*** Opening of Provided records ***

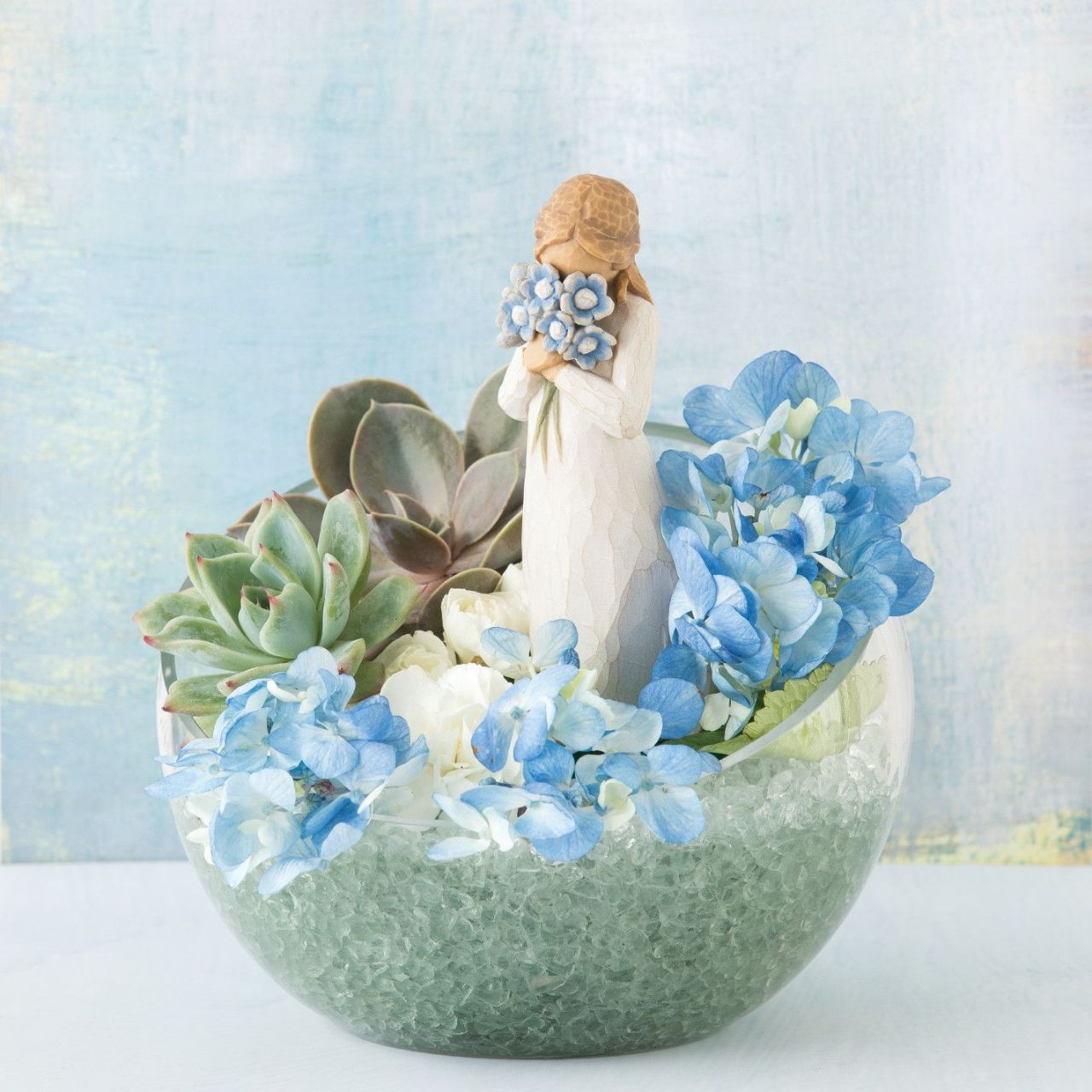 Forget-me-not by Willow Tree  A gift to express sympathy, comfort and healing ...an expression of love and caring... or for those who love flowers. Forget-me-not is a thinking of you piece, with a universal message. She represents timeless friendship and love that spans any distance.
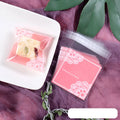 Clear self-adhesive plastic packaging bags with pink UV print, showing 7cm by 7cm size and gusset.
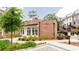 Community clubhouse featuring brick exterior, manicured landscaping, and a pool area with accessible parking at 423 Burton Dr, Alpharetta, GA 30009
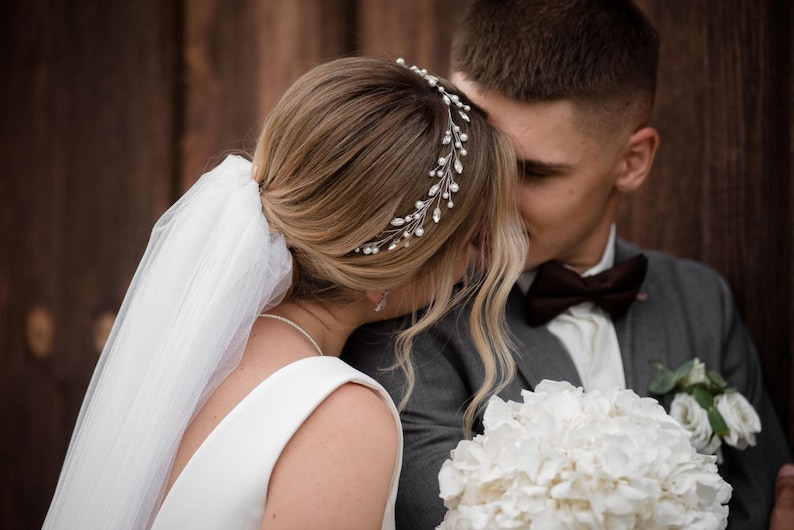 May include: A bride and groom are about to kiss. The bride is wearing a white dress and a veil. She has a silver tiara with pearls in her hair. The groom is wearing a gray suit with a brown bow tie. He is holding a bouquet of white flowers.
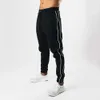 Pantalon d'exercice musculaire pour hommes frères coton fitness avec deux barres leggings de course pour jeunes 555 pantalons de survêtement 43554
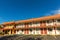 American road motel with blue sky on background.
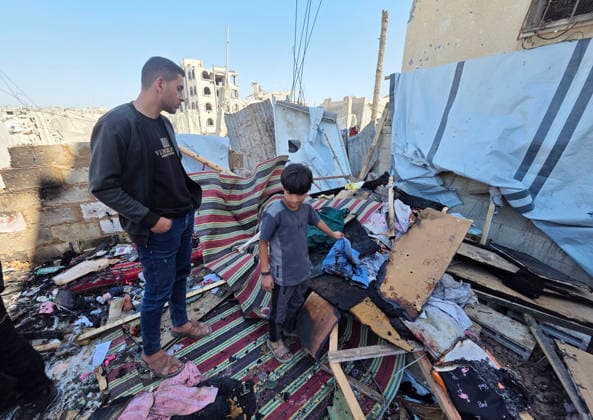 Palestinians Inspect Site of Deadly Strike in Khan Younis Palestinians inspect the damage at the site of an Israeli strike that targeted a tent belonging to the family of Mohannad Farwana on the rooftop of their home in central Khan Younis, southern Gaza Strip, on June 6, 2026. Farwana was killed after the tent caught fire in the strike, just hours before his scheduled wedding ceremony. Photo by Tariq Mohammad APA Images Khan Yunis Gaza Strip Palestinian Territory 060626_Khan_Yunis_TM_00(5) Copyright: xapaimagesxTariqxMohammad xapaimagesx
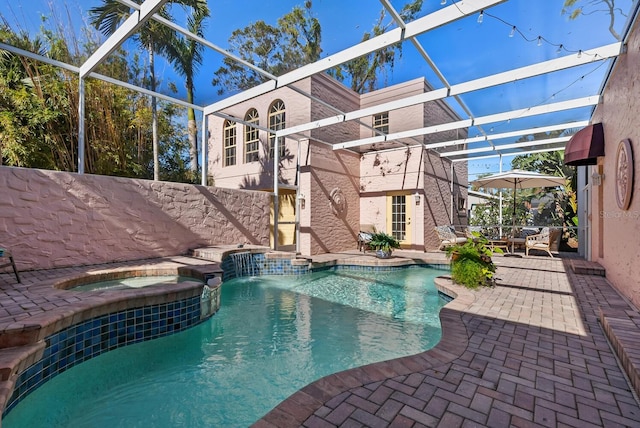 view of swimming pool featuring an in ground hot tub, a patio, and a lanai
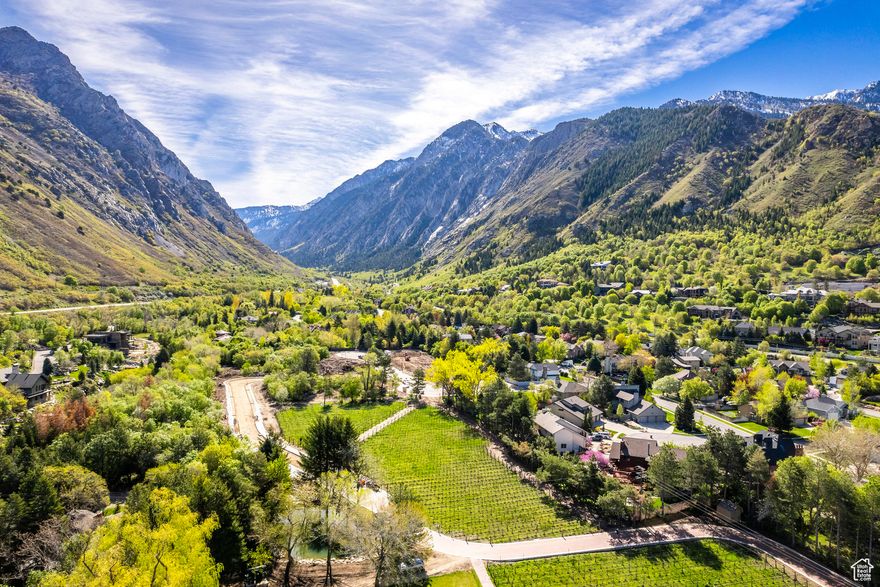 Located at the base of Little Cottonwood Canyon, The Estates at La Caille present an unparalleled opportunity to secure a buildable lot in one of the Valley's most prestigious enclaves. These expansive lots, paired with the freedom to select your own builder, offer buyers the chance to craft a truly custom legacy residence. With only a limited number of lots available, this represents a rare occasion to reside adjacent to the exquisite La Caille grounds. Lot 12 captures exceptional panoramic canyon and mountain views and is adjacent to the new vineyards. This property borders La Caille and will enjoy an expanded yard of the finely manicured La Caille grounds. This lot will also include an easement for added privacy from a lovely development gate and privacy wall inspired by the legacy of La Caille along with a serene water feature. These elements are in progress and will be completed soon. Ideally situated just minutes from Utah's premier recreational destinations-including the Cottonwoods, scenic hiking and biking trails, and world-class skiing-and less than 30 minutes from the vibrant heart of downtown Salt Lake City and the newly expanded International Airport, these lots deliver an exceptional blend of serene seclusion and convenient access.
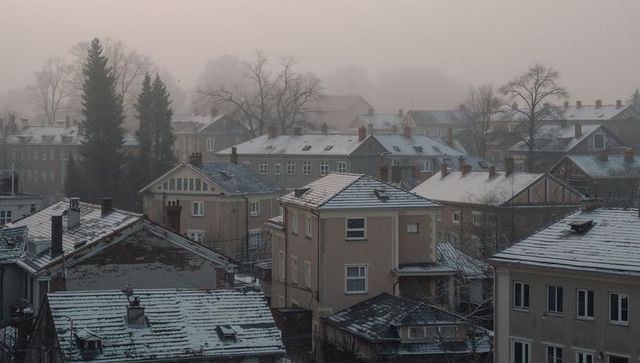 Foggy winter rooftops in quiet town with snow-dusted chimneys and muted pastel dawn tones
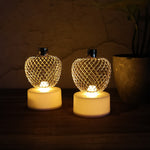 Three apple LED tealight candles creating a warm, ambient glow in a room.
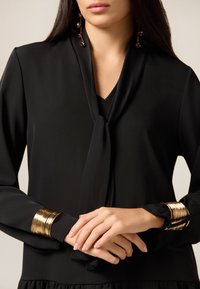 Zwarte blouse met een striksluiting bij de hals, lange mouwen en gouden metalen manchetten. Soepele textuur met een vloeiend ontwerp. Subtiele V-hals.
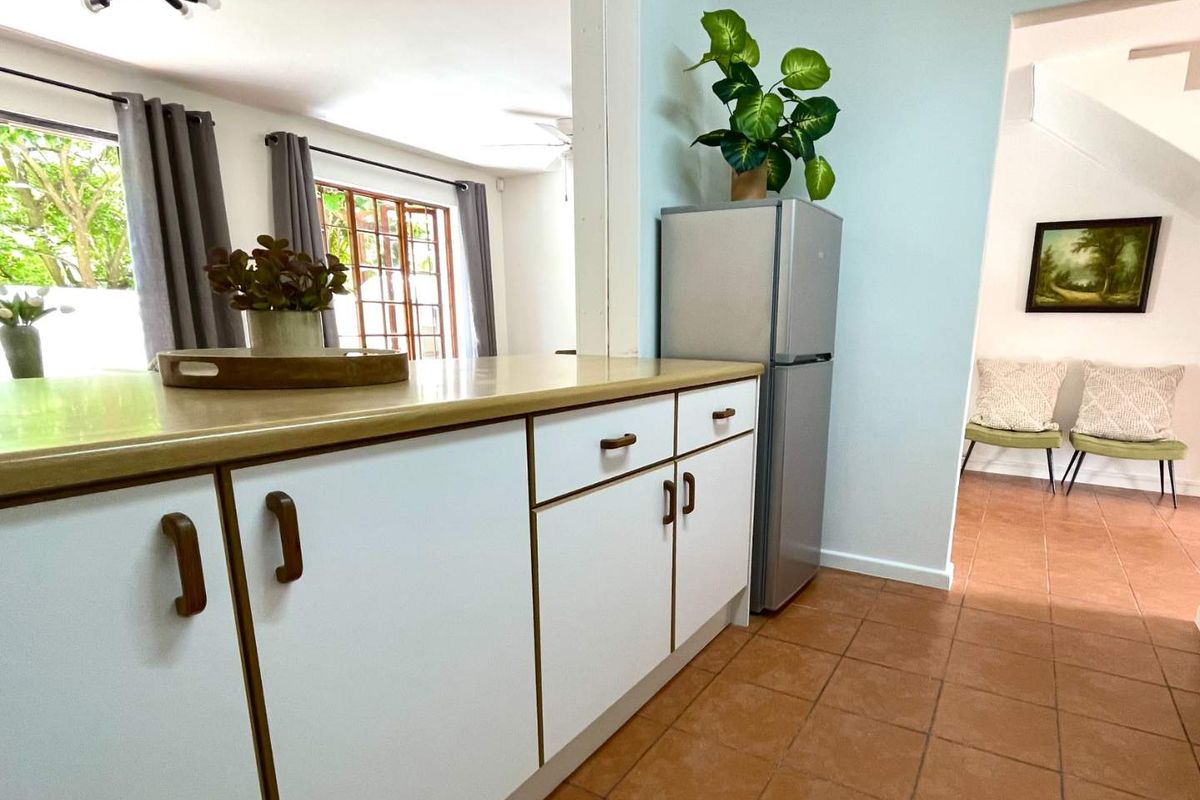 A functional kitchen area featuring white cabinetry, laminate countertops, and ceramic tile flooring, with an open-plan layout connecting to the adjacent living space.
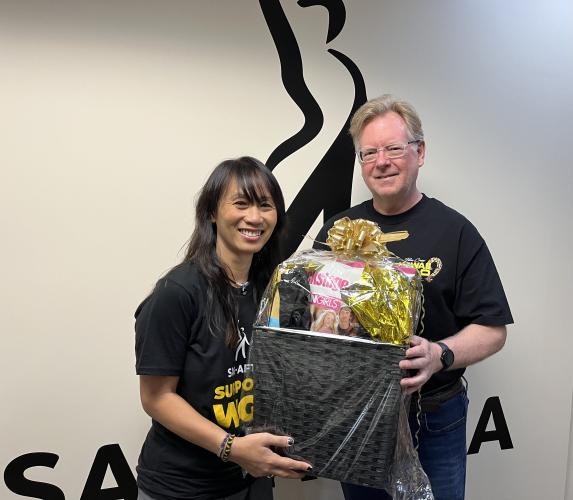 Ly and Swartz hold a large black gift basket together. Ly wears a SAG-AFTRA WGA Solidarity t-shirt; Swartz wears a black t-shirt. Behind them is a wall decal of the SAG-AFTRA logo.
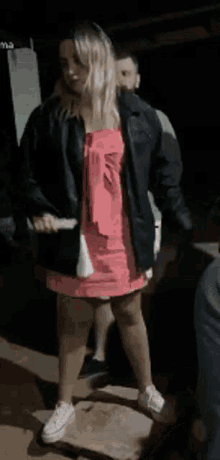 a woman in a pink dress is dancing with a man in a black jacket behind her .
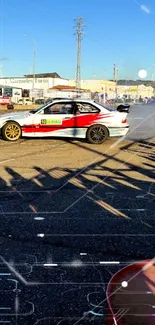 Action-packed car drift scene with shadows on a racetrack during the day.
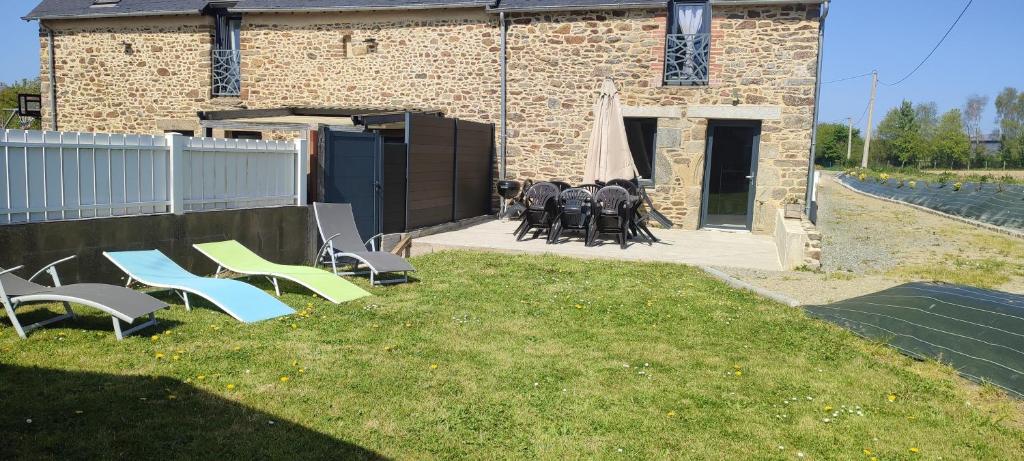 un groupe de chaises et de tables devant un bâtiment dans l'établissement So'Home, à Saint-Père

*** Close of Provided records ***

What needs to be done: Out of the records above, return only the lines from the one with "A functional kitchen" through the one with "a woman in a", exactly, and none of the pictures.

Written response:
 A functional kitchen area featuring white cabinetry, laminate countertops, and ceramic tile flooring, with an open-plan layout connecting to the adjacent living space.
 Ly and Swartz hold a large black gift basket together. Ly wears a SAG-AFTRA WGA Solidarity t-shirt; Swartz wears a black t-shirt. Behind them is a wall decal of the SAG-AFTRA logo.
 a woman in a pink dress is dancing with a man in a black jacket behind her .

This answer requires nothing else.